Jan. 16th, 2008

eiffel_71: The Big Match opening title (Default)
Arriving at work, Mike said "The big night tonight, then" and asked me if I'd bought my ticket for Liverpool yet! Little did he or I know...

Half an hour into the shift I was pleasantly surprised to see a tin of Heroes on the nibbles table. Couldn't resist prising the lid off and dipping in - even better, it was full or nearly full. A bit later, Sarah #4 pointed them out to me and said she'd brought them. I thanked her effusively. The chocs were just the thing to help pass the shift - for not just me but a lot of the others, judging by the puny half-dozen or so that remained with an hour to go.

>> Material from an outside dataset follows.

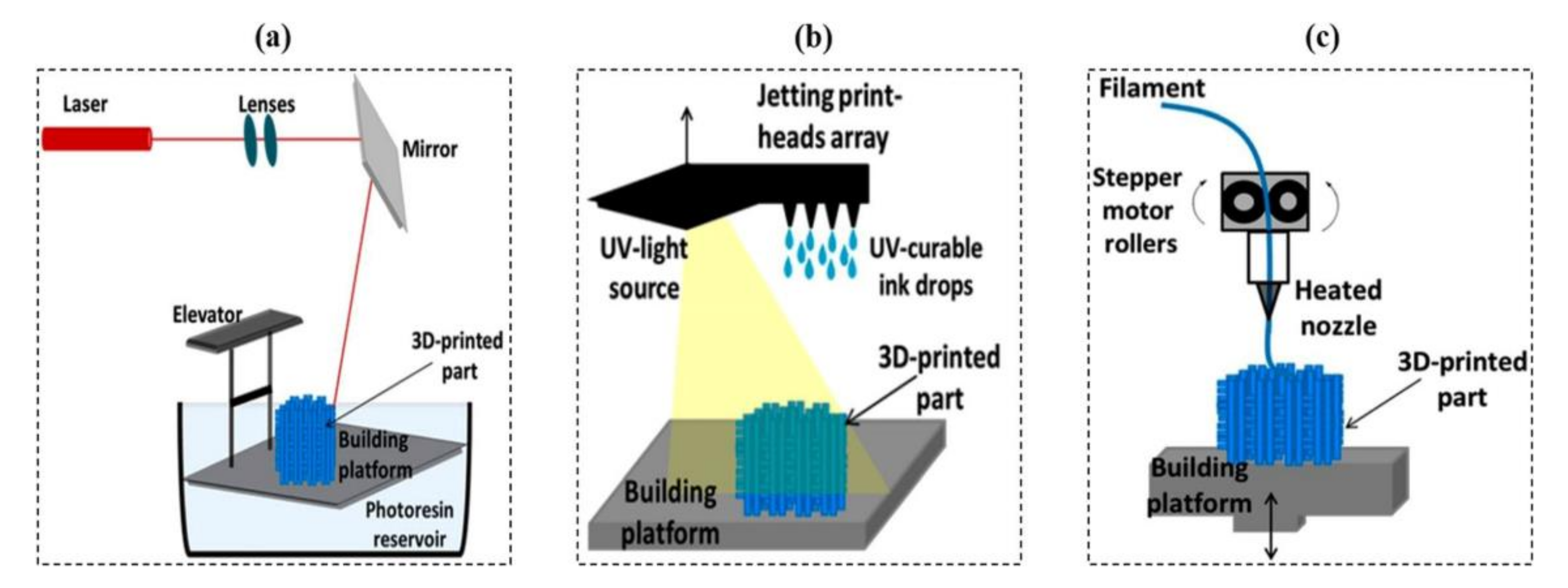 Gels | Free Full-Text | Application and Prospects of Hydrogel Additive  Manufacturing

During the last hour I got an elderly woman who had the worst attitude ever of anyone I've completed a full survey with. She constantly abused me in between questions and said on four separate occasions "This is a waste of my time". At the end she refused to suggest a time when we might catch her daughter in and hung up before I could ask if we could call her back in three months. After she hung up, I threw my headphones on the floor in disgust. Ann, a few seats away, looked over, but didn't ask me what was up, she just gawped at me as though I were a monkey at the zoo. At least Paula came back from her coffee break at that point, and spotted my headphones on the ground before I wound them back up onto my desk as she came back to her booth next to me. She did ask what was up.

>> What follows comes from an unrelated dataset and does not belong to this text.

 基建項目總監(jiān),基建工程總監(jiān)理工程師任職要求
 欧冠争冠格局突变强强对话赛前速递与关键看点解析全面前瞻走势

"That call was a nightmare," I told her.

"We've all been getting nightmare ones," she said. I had, earlier, made out her and Jane talking to each other about awkward customers they'd got. "Well, it's over now," she added.

By contrast, the next guy I got, my last call of the day, was a man in his seventies who was a full-time carer for his wife and son, both of whom have a disability brought on by a progressive illness - thankfully, it hasn't stopped the son getting and holding a good job - and whose three other grown-up children, who live elsewhere, also have the same condition. If anyone was entitled to regard the survey as an unwelcome intrusion on their time it was him, not some cantankerous grotbag who's just in a foul mood and decides to take it out on a random stranger. But he was a lovely bloke and did the whole thing without complaint.

Arrived at Westleigh Park at 6 pm to find two mobile burger vans, of the type that set up at fairgrounds, pitched on the approachway. There was a sizeable queue there, though it built up a much longer way behind me, until, after a quarter of an hour of standing still while wide boys wandered up and down the queue trying to sell flags and scarves and the two programme ladies flogged their legitimate wares, we finally started moving.

By the time I got to the front and into the ground, there were only about 20 to 30 seats still unbagged, mostly in the front rows at the sides where you generally have a floodlight pole problem. After trying two seats, I settled in a third, from which the pole wasn't quite so obtrusive. There was still over an hour before kick-off and it was just surreal to be sitting in a full stand and to see Westleigh Park packed to the rafters, with people three or four deep all round the perimeter fence. I spotted Rob and Lisa sitting in the next block and waved.

The game - what can I say? The atmosphere was incredible throughout. Hawks went on the attack from the kick off, but nothing could have prepared me for, in the fourth minute, Richard Pacquette getting a touch onto a Brett Poate cross (or so I, and Trev on the PA, thought : it was later given as an OG) and sending the ball into the back of the net. We all went wild celebrating, then the realisation dawned that we wanted absolutely nothing to happen for the remaining 86 minutes...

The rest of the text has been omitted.